For some reason something twigged inside me. At the time, I didn’t know really know what sycophancy was, but I could tell that this was the kind of reaction which had been visited on him most of his life. And somewhere in the back of my mind I decided that I wasn’t going to go with the flow (believe me I never have). So I look up at him, this self-made God-like figure and say: ‘To be honest I don’t really like it.’

Suddenly there is silence in the group. Some embarrassed grins. A snigger. He looks a back at me – surprise obvious. And the bastard got me. He had a response. ‘Well have you looked properly?’

I think so.’ I answer, squirming slightly at my lack of an actual plan.

‘Well I think you should come and have proper look – perhaps in your lunch hour.’ Trigger cocked. Bang. In other words - I don’t have a lunch hour – we artists work as the mood takes us.

My private view experiences since then have been mixed. But I think they all are except for all but a select few. Which brings us back to that opening at that trendy bar.

I was given an invite by a friend, and since there was a bar, decided that at least I’d have a choice of drink. It turned out, this time the work amounted to three paintings and a screensaver projected on a wall.

And I walk in and look around it dawns on me that these aren’t my people. I don’t know completely what it was, as I can usually work in any given situation, but I’d entered a room full of people just looking at each other. Glancing at their beer. Looking back at each other. Sip of beer.

I like talk. I like chatter. Admittedly, a few arty types are talking and the token goths are looking bored because (quite rightly) they refuse to pay these prices. I buy a beer and begin the long dark stand to oblivion.

I buy another beer. I look around and decide to bite the bull by the horns. Two girls are sitting rictus-like on a three seater couch.

I approach with a ‘I don’t know anyone here who are you . . .’

They look up nervously.

‘Erm . . . I’m Sally.’ Pipes up the brunette.

‘Julie.’ Mumbles the blonde.

By now I’m sitting down – and I realise that I’ve lost the power of speech. Creeking moments go by.

‘Do you know the artist?’ I ask.

‘No.’ says Sally.

‘No.’ says Julie. They got the tickets from a friend.

‘I know what that’s like.’ I say just that little bit to loud.

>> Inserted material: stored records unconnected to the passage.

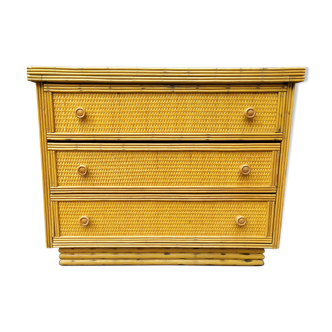 Vintage rattan dresser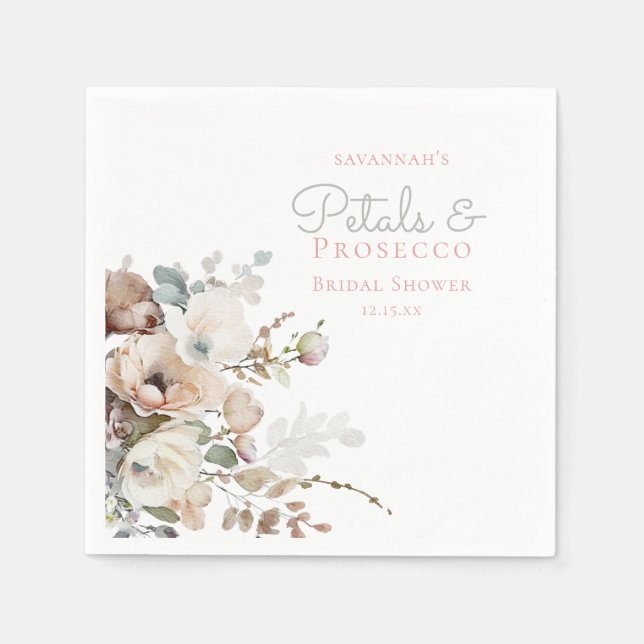 Chic Aquamarin Petals und Prosecco Blumenkohl Brau Serviette (Vorderseite)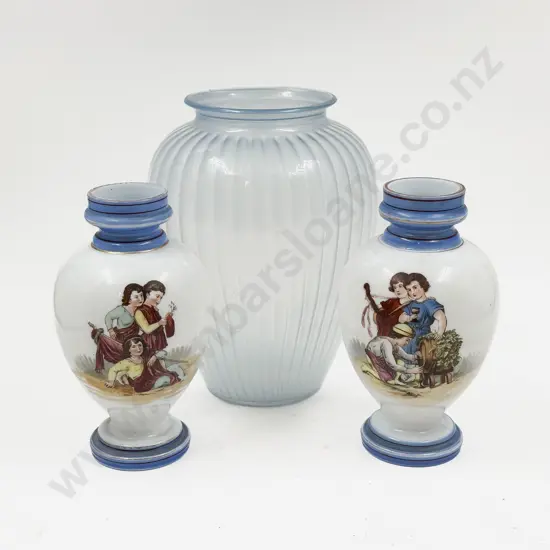 Pair of Painted Glass Vases together with Art Glass Vase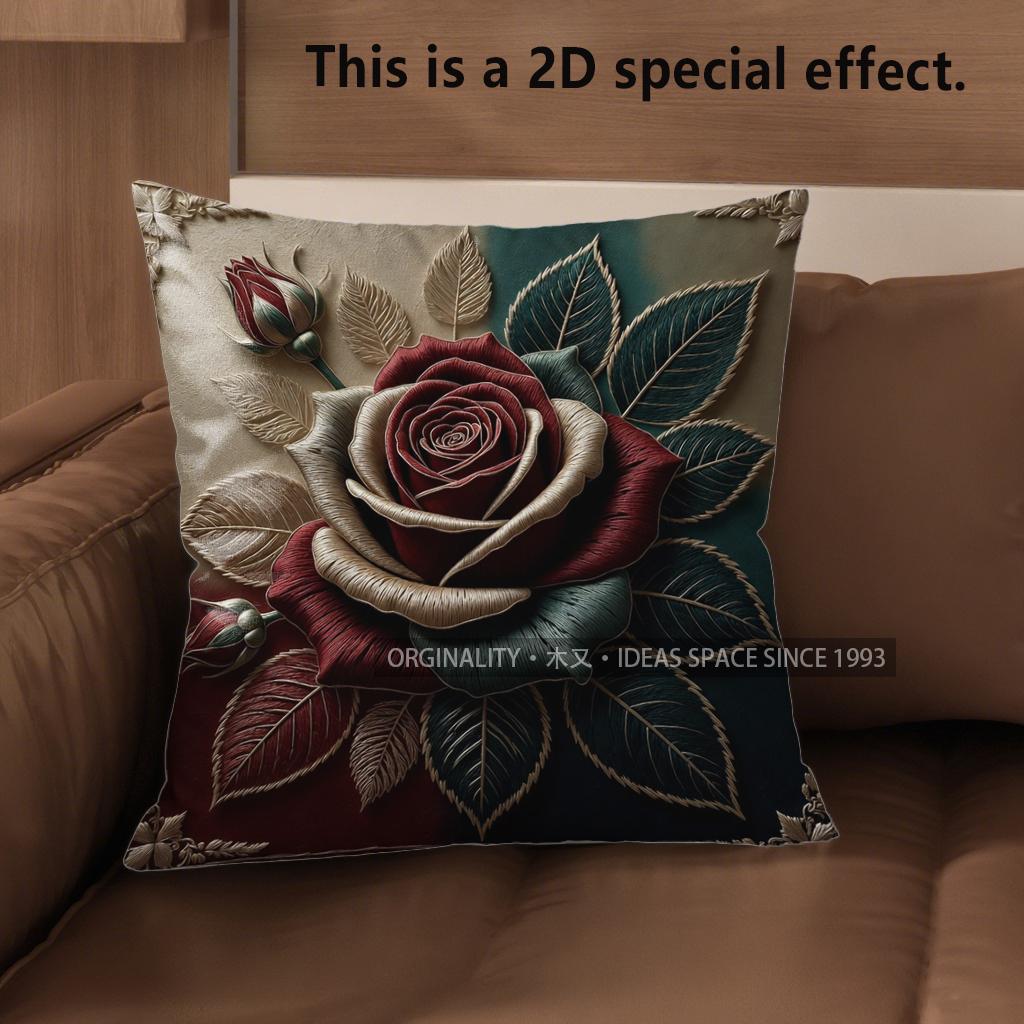 

2D Vintage Embossed Rose Floral Throw Pillow Covers** Pattern Cushion Cover Suitable For Sofa Bedroom Car Pillow Cover 40x40cm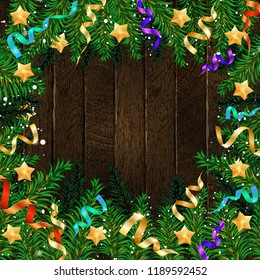 Christmas 2019 fir tree with decoration on a wooden board. Copy-space for text. Vector illustrration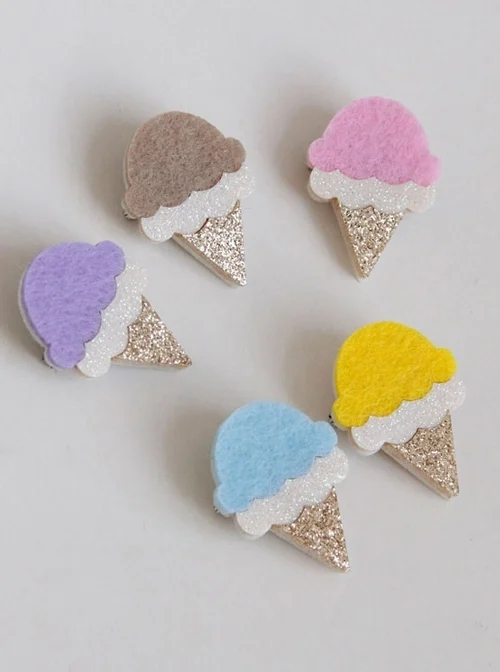 Cute Fashion Trend Multicolor Ice Cream Retro Felt Cloth Sweater Brooch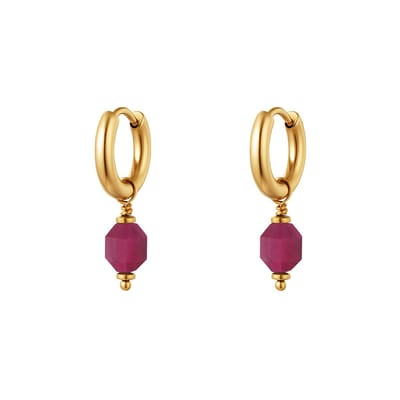 Stainless steel earrings classy - Yehwang - Oorbellen - One size - Goud/Paars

I think it was Julie who glares at me first. Oh well, I think, all is not lost yet. And the exchange continues (me first):

‘What do you do?’

‘We’re students.’

‘What do you do?’

‘Hispanic Studies.’ (mental rictus – what the hell was I going to do with that – ‘Isn’t that Jennifer Lopez doing well for herself?’ – I think not.)

‘Second year?’

‘How can you tell?’ (Oh don’t you know I know all and see all. My mystical Hex powers are infinite)

‘You have that world weary look.’ (Yes, that’s what I actually said, but come on - I was desperate. So desperate, the whole mystic powers stick was my back up).

So then we sit there. Julie nervously comments on the how she likes the décor. I ask her if she could live with it at home. She carries on talking but suddenly I’m in the Seinfeld mumbling episode, nodding along without a clue what she’s saying. Sally leaves. Julie says she’ll stick around and keep me company. We sit some more. I start to blabber about a friend whose got minimalist décor in his flat. She seems vaguely interested. I continue. There is no friend of course. I stole him from an interior design programme from about six months ago. Another friend arrives wondering who the hell I am. She starts getting interested about this none conversation I’m having about this fictional friend. My hands get clammy. Finally they ask me what I do. There is a brief exchange about an exhibition I thought was dull but they thought was ‘Top’. Then I use my sucker punch secret weapon:

‘I’m a writer. I write.’

They both perk up, and ask ‘Had anything produced?’

‘Not yet.’

I don’t think I’ve seen a droop in interest as quick before. Within moments they’re at the bar desperately trying cocktails.

I get up and leave.

The moral being if you’ve got to one of these things, take a friend, that way, if you’re going to be boring, you can be bored together.